Activity:
Would you write out every entry exactly, but without the pictures?

◆ ◆ ◆ ◆

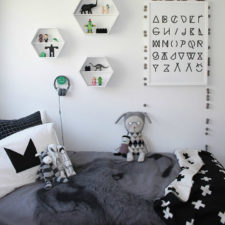 Gray boys room ideas 33.jpg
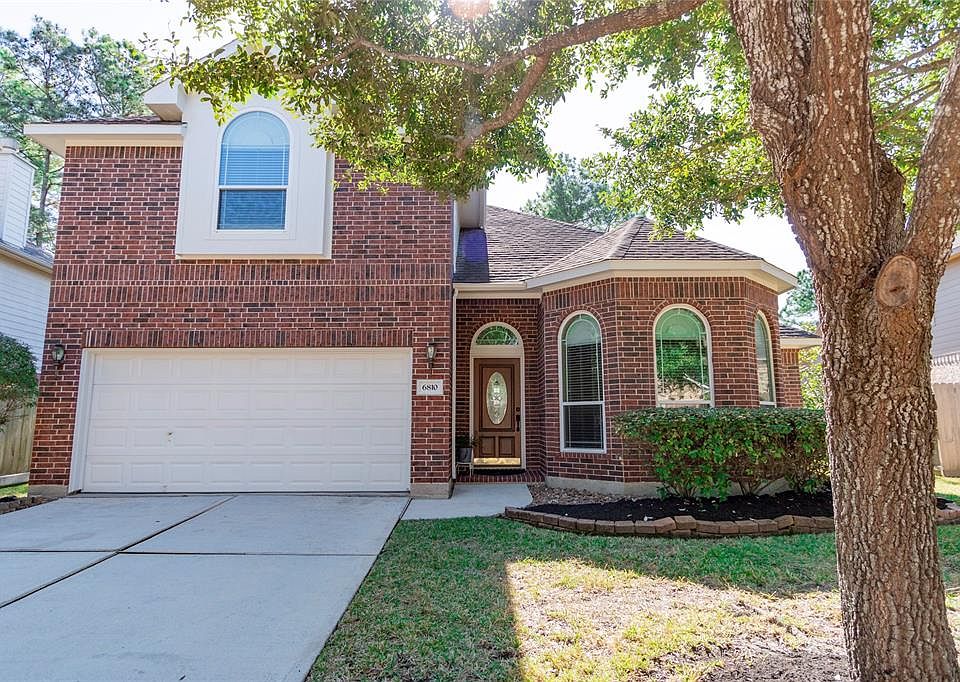 1st image of 6810 Amber Ash Ct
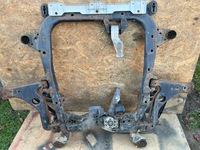 фото thumb №5, Колыбель подрамник opel zafira b 05-11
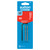 Order In - Sutton SUPADECK Replacement TCT Drill 5/32" 2 Pack- C119H0397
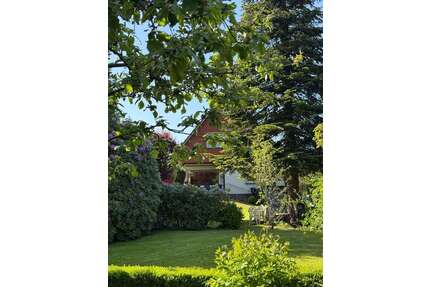 Haus zum Kaufen in Oldenburg (Oldenburg) 699.000,00 € 185 m²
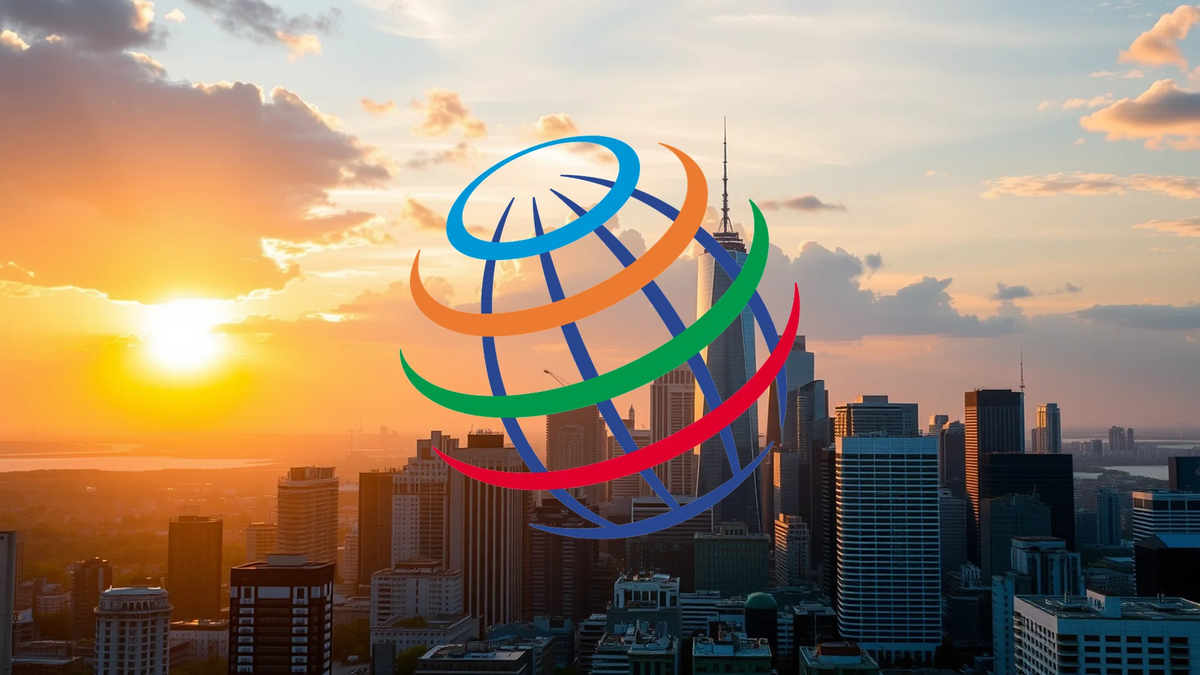 PepsiCo Shares Face a Crossroads of Conflicting Signals - Foto: über boerse-global.de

◆ ◆ ◆ ◆

Finished exercise:
 Gray boys room ideas 33.jpg
 1st image of 6810 Amber Ash Ct
 фото thumb №5, Колыбель подрамник opel zafira b 05-11
 Order In - Sutton SUPADECK Replacement TCT Drill 5/32" 2 Pack- C119H0397
 Haus zum Kaufen in Oldenburg (Oldenburg) 699.000,00 € 185 m²
 PepsiCo Shares Face a Crossroads of Conflicting Signals - Foto: über boerse-global.de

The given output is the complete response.